-- GIVEN DATA follows --

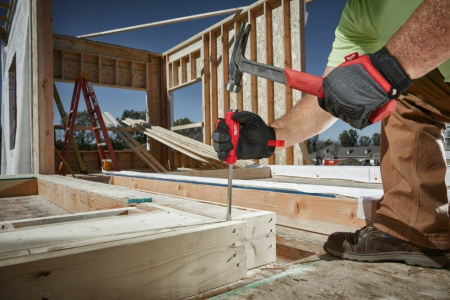 Отвертка-долото для работы с ударом (арт. 4932480975) Milwaukee купить в Минске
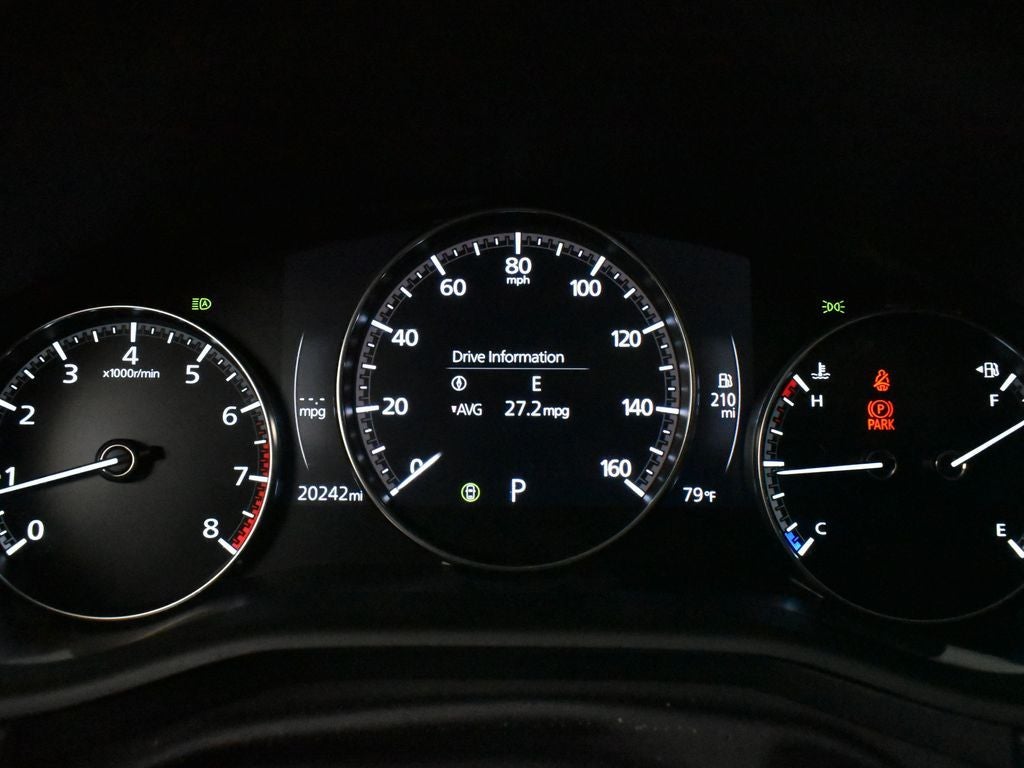 2025 Mazda Mazda CX-30 2.5 S Preferred Package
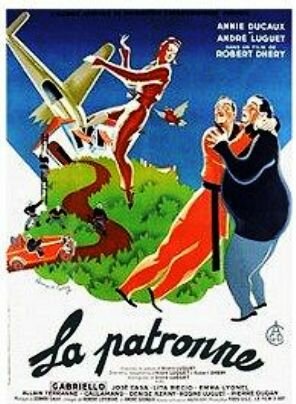 La patronne (1950)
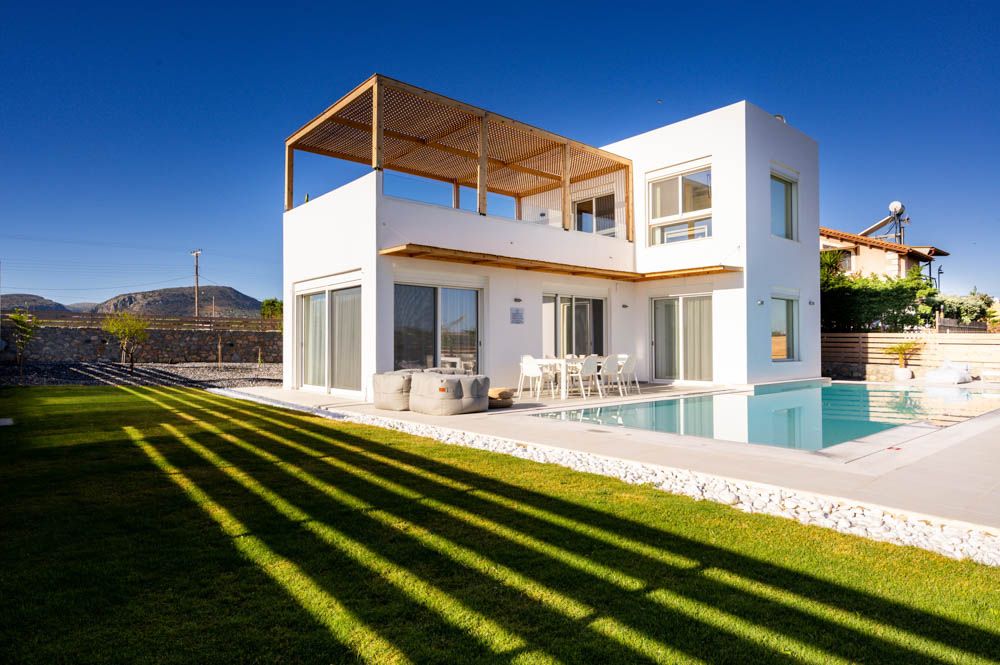 Villa Sardine III Analipsi Hersonissos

-- GIVEN DATA concluded --

Output the data above without changes, apart from leaving out the pictures.

§ RESULT OF THIS TASK:
 Отвертка-долото для работы с ударом (арт. 4932480975) Milwaukee купить в Минске
 2025 Mazda Mazda CX-30 2.5 S Preferred Package
 La patronne (1950)
 Villa Sardine III Analipsi Hersonissos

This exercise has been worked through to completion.